__What is required__.
Output the lines below exactly, please, from the first line until the line with "dog-pet-animal-black", counting both.

Dataset items:
______
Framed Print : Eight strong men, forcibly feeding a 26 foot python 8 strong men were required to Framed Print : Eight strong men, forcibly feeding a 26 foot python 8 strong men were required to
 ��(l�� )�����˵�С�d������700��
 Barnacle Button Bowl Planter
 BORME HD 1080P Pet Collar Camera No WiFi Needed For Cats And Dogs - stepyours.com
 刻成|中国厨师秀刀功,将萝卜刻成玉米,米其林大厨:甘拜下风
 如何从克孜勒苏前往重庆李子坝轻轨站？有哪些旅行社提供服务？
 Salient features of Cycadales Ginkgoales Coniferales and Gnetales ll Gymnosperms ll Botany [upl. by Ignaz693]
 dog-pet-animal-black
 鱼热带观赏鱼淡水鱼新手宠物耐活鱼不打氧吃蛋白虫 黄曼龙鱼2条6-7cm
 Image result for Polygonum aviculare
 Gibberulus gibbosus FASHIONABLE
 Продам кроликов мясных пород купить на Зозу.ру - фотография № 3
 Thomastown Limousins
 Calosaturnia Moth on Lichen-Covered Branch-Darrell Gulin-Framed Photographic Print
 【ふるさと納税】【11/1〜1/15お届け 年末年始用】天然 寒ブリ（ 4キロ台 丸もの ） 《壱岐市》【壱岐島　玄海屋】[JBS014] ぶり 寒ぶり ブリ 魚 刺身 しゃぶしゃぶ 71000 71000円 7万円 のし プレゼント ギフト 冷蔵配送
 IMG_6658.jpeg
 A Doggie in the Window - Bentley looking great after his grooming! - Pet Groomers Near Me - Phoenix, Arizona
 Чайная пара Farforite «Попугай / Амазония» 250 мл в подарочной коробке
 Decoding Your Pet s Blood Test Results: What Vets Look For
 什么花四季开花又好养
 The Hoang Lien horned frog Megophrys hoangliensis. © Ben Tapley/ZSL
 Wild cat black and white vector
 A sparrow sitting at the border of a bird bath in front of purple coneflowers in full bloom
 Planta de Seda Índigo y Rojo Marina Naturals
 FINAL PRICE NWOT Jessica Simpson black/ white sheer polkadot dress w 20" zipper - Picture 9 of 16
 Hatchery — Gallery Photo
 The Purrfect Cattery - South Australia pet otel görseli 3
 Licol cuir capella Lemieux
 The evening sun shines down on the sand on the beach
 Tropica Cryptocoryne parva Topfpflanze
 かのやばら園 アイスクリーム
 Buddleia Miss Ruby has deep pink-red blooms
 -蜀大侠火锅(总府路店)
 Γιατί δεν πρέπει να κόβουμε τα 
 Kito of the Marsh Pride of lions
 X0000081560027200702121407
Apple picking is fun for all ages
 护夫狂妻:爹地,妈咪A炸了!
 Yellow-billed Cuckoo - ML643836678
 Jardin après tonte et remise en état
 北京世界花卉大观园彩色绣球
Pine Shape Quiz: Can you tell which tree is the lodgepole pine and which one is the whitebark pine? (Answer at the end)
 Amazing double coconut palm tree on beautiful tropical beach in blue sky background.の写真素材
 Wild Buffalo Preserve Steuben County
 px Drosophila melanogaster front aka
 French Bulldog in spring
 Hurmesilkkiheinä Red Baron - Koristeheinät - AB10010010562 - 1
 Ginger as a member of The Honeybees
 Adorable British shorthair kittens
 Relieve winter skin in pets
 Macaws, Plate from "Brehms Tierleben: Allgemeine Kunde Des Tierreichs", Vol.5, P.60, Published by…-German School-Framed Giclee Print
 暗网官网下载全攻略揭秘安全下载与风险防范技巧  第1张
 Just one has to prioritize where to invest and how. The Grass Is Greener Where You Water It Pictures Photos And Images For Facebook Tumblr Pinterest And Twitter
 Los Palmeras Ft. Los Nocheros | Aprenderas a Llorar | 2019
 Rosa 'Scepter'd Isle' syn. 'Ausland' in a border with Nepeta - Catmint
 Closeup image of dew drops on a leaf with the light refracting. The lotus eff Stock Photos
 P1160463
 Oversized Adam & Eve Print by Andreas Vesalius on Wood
______
__Task output__.
Framed Print : Eight strong men, forcibly feeding a 26 foot python 8 strong men were required to Framed Print : Eight strong men, forcibly feeding a 26 foot python 8 strong men were required to
 ��(l�� )�����˵�С�d������700��
 Barnacle Button Bowl Planter
 BORME HD 1080P Pet Collar Camera No WiFi Needed For Cats And Dogs - stepyours.com
 刻成|中国厨师秀刀功,将萝卜刻成玉米,米其林大厨:甘拜下风
 如何从克孜勒苏前往重庆李子坝轻轨站？有哪些旅行社提供服务？
 Salient features of Cycadales Ginkgoales Coniferales and Gnetales ll Gymnosperms ll Botany [upl. by Ignaz693]
 dog-pet-animal-black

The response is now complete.